● **EXERCISE MATERIAL**:
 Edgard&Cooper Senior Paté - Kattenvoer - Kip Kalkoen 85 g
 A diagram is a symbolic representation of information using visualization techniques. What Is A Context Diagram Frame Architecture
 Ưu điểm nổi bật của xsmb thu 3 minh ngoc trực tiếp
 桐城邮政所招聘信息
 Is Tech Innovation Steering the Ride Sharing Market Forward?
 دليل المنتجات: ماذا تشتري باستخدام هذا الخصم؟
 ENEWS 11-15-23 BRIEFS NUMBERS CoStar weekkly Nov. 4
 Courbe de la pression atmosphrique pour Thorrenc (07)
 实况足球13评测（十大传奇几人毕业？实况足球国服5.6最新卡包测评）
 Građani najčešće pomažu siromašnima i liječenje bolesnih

● **EXERCISE AIM**: Write the whole listing out again, exactly as it appears above.

● **COMPLETED EXERCISE**:
 Edgard&Cooper Senior Paté - Kattenvoer - Kip Kalkoen 85 g
 A diagram is a symbolic representation of information using visualization techniques. What Is A Context Diagram Frame Architecture
 Ưu điểm nổi bật của xsmb thu 3 minh ngoc trực tiếp
 桐城邮政所招聘信息
 Is Tech Innovation Steering the Ride Sharing Market Forward?
 دليل المنتجات: ماذا تشتري باستخدام هذا الخصم؟
 ENEWS 11-15-23 BRIEFS NUMBERS CoStar weekkly Nov. 4
 Courbe de la pression atmosphrique pour Thorrenc (07)
 实况足球13评测（十大传奇几人毕业？实况足球国服5.6最新卡包测评）
 Građani najčešće pomažu siromašnima i liječenje bolesnih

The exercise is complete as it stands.